Let $I$ be the incenter of $\triangle ABC$ .
Let $D, E, F$ be the reflection of $I$ in $BC, CA, AB$ , respectively .

Then $IP$ is parallel to the Euler line $\mathcal{E}$ of $\triangle ABC$ where $P \equiv AD \cap BE \cap CF$

Proof :

Let $Y \equiv FD \cap CA, Z \equiv DE \cap AB$ .
Let $\triangle A_1B_1C_1, \triangle A_2B_2C_2$ be the intouch triangle, orthic triangle of $\triangle ABC$ , respectively .
Let $T$ be the midpoint of $AI$ and $\overline{A_3B_3C_3}$ be the orthic axis of $\triangle ABC$ ( $A_3\in BC, B_3\in CA,C_3\in AB$ ) .
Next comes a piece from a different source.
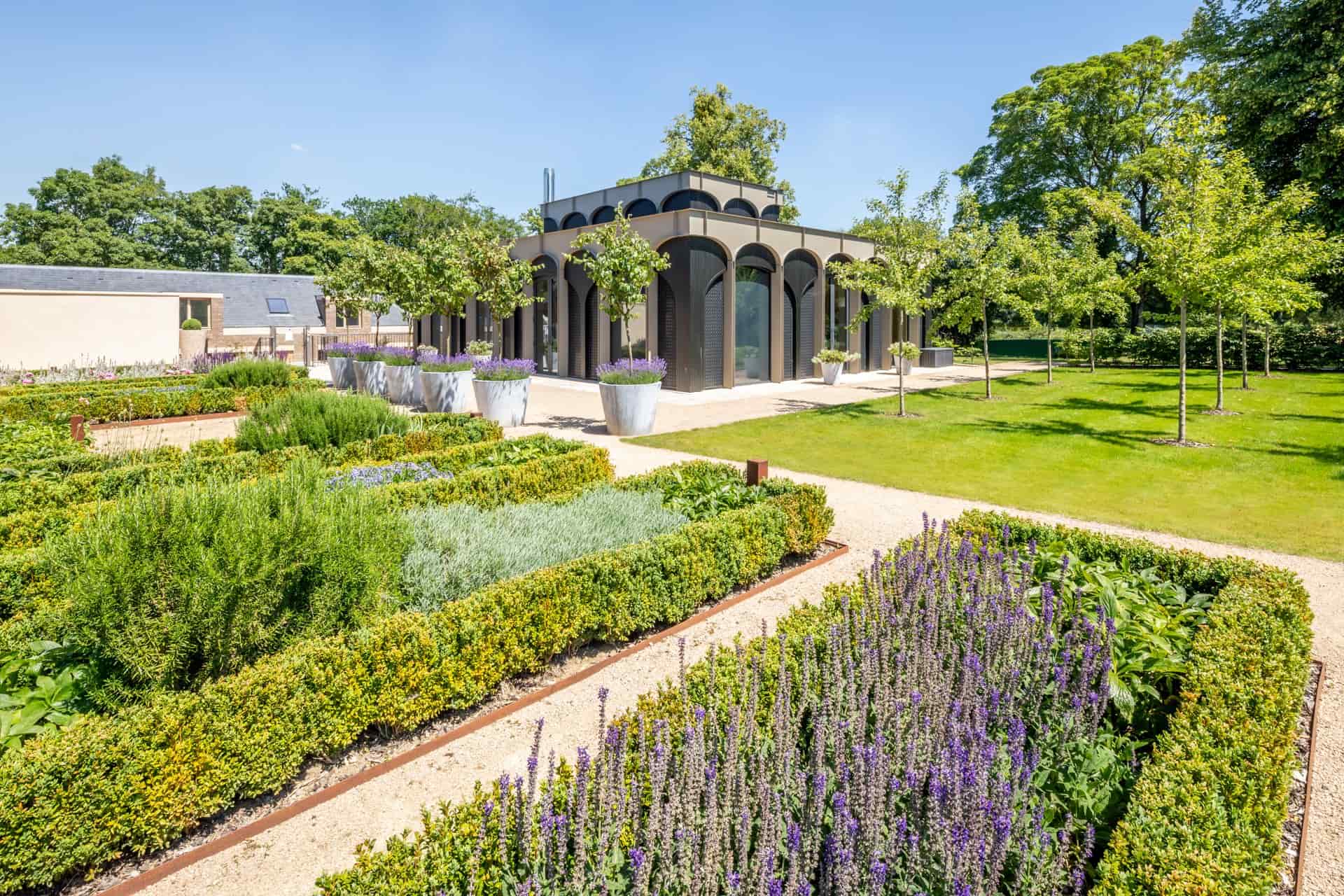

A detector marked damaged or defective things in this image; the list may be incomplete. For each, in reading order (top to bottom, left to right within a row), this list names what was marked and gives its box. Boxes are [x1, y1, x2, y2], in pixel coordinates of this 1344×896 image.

rusted metal edging strip [99, 540, 849, 896]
Since $\odot (Y, YI), \odot (Z, ZI)$ is the image of $BE, CF$ , resp under the inversion $\mathbf{I}(\odot (DEF))$ ,
so $IP$ is the radical axis of $\odot (Y, YI), \odot (Z, ZI) \Longrightarrow IP \perp YZ$ (also follows from Sondat theorem) . (1)
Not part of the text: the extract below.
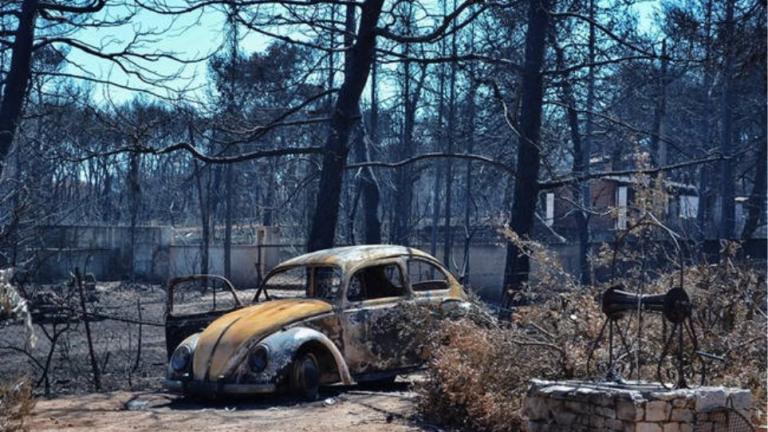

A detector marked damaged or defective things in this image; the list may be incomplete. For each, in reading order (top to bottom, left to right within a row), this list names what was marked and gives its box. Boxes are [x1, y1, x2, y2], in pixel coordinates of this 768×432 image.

burned vw beetle [164, 245, 468, 400]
From $TC_1 \parallel AF, A_1C_1 \parallel DF \Longrightarrow \angle AFD=\angle TC_1A_1$ ,
so notice $T$ is the center of $\odot (AI) \Longrightarrow \angle AFD=90^{\circ}-\tfrac{1}{2} \angle A+\tfrac{1}{2} \angle B$ ,

hence by sine rule we get $AY=AF \cdot \frac{\sin \angle AFD}{\sin \angle AYD}=AI \cdot \frac{\cos \tfrac{1}{2} (\angle A-\angle B)}{\sin \tfrac{1}{2} (\angle A-\angle C)}$ .

Similarly, $AZ=AI \cdot \frac{\cos \tfrac{1}{2} (\angle A-\angle C)}{\sin \tfrac{1}{2} (\angle A-\angle B)} \Longrightarrow \frac{AY}{AZ}=\frac{ \sin \tfrac{1}{2} (\angle A-\angle B) \cdot \cos \tfrac{1}{2} (\angle A-\angle B)}{\sin \tfrac{1}{2} (\angle A-\angle C) \cdot \cos \tfrac{1}{2} (\angle A-\angle C)}=\frac{\sin (\angle A-\angle B)}{\sin (\angle A-\angle C)}$ . (2)
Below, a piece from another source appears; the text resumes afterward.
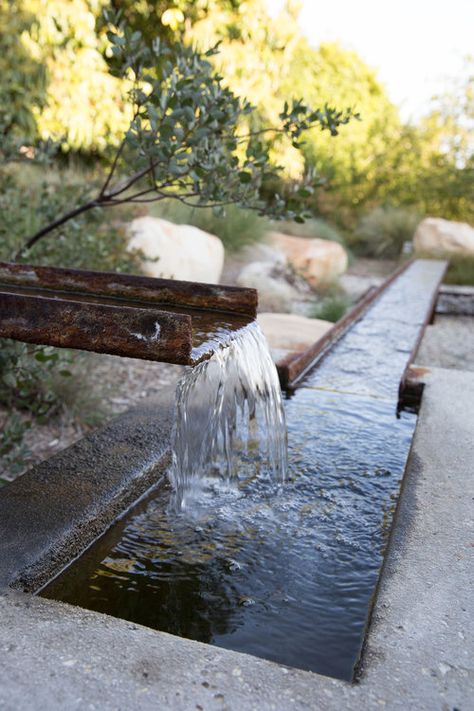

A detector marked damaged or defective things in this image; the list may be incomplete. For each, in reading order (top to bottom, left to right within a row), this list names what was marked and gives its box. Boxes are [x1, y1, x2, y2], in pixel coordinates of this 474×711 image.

Since $AB_3=AC_2 \cdot \frac{\sin \angle AC_2B_3}{\sin \angle AB_3C_2}= \frac{AC_2 \cdot \sin \angle C}{\sin (\angle A-\angle C) } , AC_3=AB_2 \cdot \frac{\sin \angle AB_2C_3}{\sin \angle AC_3B_2}=\frac{AB_2 \cdot \sin \angle B}{\sin (\angle A-\angle B) }$ ,

so we get $\frac{AB_3}{AC_3}=\frac{AC_2 \cdot \sin \angle C}{AB_2 \cdot \sin \angle B} \cdot \frac{\sin (\angle A-\angle B)}{\sin (\angle A-\angle C)}=\frac{AC_2 \cdot AB}{AB_2 \cdot AC} \cdot \frac{\sin (\angle A-\angle B)}{\sin (\angle A-\angle C)}=\frac{\sin (\angle A-\angle B)}{\sin (\angle A-\angle C)}$ ,

hence combine (2) $\Longrightarrow B_3C_3 \parallel YZ \Longrightarrow YZ \perp \mathcal{E}$ ( $\because B_3C_3$ is perpendicular to $\mathcal{E}$ (well-known)) $\Longrightarrow IP \parallel \mathcal{E}$ (from (1)) .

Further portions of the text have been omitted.